VISION SCREENING OF PRESCHOOL CHILDREN
Ideally, an eye examination should be performed immediately after birth and periodically during the preschool years. These years are important because it is at this time that much of a child's relationship to his environment is being established through visual channels and treatment for visual disorders is most successful.
At present, this is an impossible goal due to the large reservoir of preschool children, limited trained personnel and financial support, and lack of understanding by the publie of the importance of early eye care.
As an interim measure, the most practical approach seems to be one of vision screening as part of the total health supervision of the preschool child. This would encompass children from 3 to 5 years of age and could be performed by trained paramedical personnel or volunteers with a minimum of equipment.

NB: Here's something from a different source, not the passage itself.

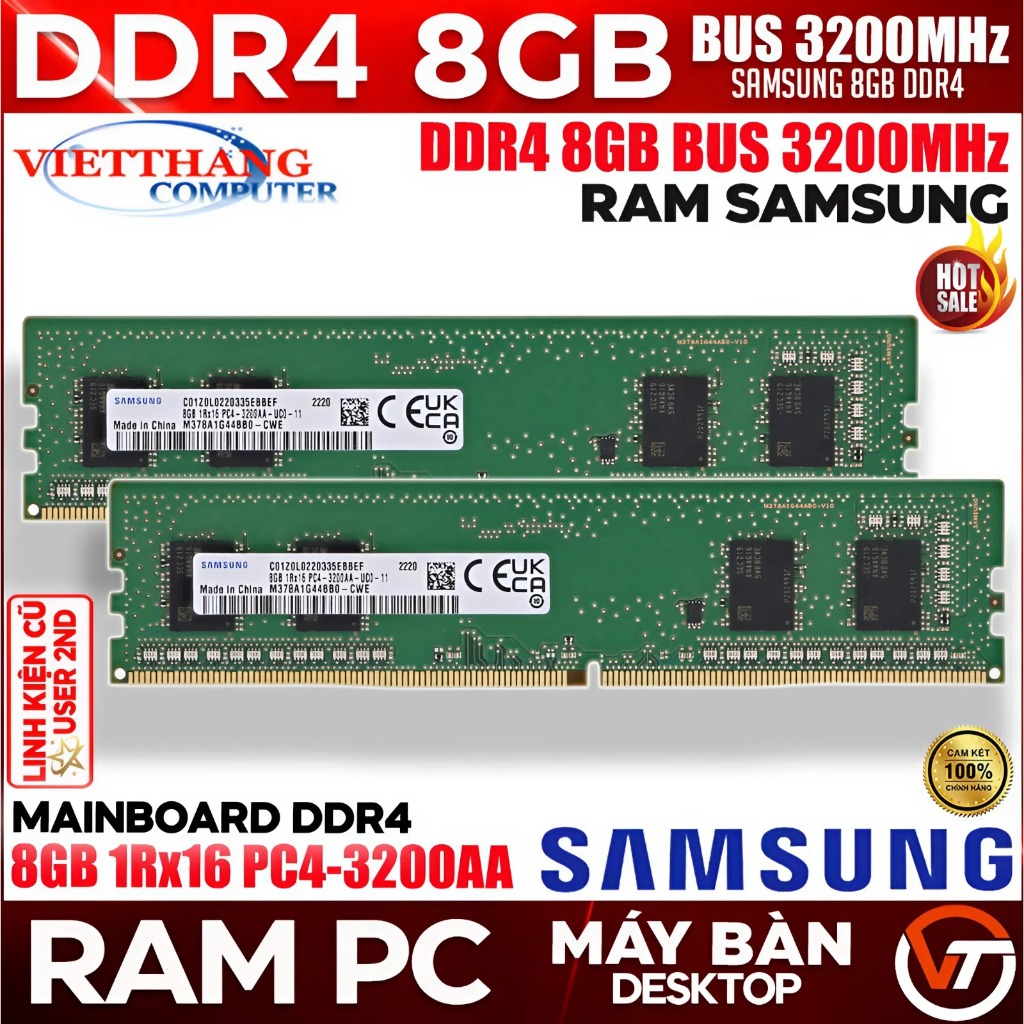 Ram Máy Tính Samsung DDR4 8GB Bus 3200Mhz Hàng cũ đã qua sử dụng Tháo máy bộ còn đẹp ( Cũ - 2nd )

For a successful program there must be community cooperation, approval, organization, education, and financing. A real effort must be made to contact that large group of children who are unknown to any service (physician) or agency. The screening itself has little value unless it is accompanied by adequate follow-up and resources to accept the referral and supervise the provision of proper care.
CONDITIONS DETECTED BY SCREENING
1. Refractive errors.
2. Muscle imbalance.
4. Some eye diseases.
A. Observation or history-applicable from birth.
1. Unusually large eyes, sensitivity to light, excessive tearing, cloudiness, inflammation, hemorrhage, abnormal eye movements, i.e., nystagmus.
2. Difficulty with focusing or persistent deviation of one eye after 6 months of age.